И вдруг он, прошедший войну, плен, госпитали, переживший проработки и все на свете, от этой игрушечки почувствовал такую боль, какой еще не испытывал ни разу в жизни.
СТАРЫЙ ХОЛОСТЯК
Воскресенье. Глухое, светлое, снежное утро. И в такое открытое утро особенно ясно видно, что человечество живет семьями. Мимо окна все идут и идут празднично наряженные люди — мужья с женами — и ведут за руки заботливо и тепло одетых детей, а самых маленьких везут на саночках, и они что-то спрашивают, и взрослые с улыбкой им отвечают.
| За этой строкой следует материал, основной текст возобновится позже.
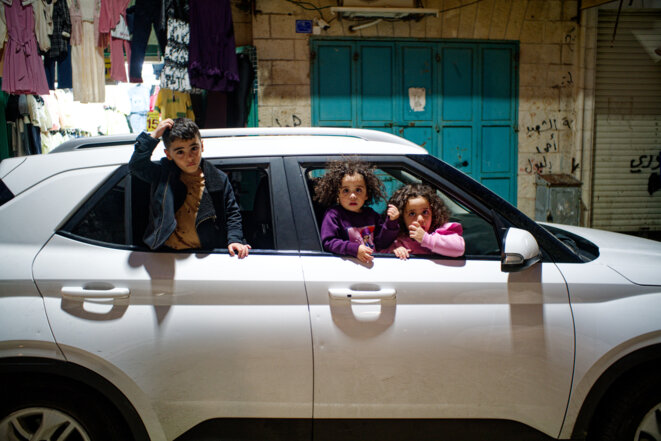 « Chacun fait comme il peut avec l’inacceptable ». Carnet de bord en Palestine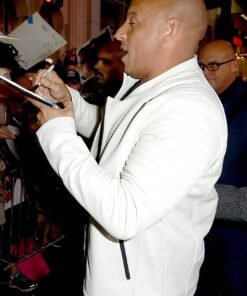 Vin Diesel xXx Premiere Leather Jacket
А он стоит у окна один, в пустой и необжитой новой квартире, и слышит, как топочет сверху дочка соседа, и вспоминает свое детство, и глаза его сухи.
И вся жизнь — как один день.
В двадцать лет ему иногда в шутку бросали: «Жениться пора!» После тридцати разводили руками: «Когда женишься?» А после сорока, как над малым ребенком посмеиваясь, спрашивали: «Не женился?» И все он отделывался шуточками.
Зимний праздничный день, длинный, солнечный, немой.
НА ОСЕННЕЙ АЛЛЕЕ
Старые люди бродят парами. Каждый в отдельности, они никому не нужны, никому не интересны, но друг другу они нужны, только они и нужны.
Они бродят парами, похожие друг на друга, как брат и сестра, и никто не знает, и сами они уже не помнят, какие когда-то, в ту первую их весну, они были разные, удивительно, эксцентрично разные, и все удивлялись: «Что их свело?»
Старые люди бродят парами, молча, все переговорено, все известно, и мысли, и слова у них одинаковые, и предчувствия — как у одного человека.
УТРО В СЕТУНИ
Ночью я приехал в домик в лесу, в котором жил некогда, в дни молодости. И когда утром проснулся, будто не было прожитых лет. Как всегда, как прежде, вдали за лесом слышен был гул проходящего поезда.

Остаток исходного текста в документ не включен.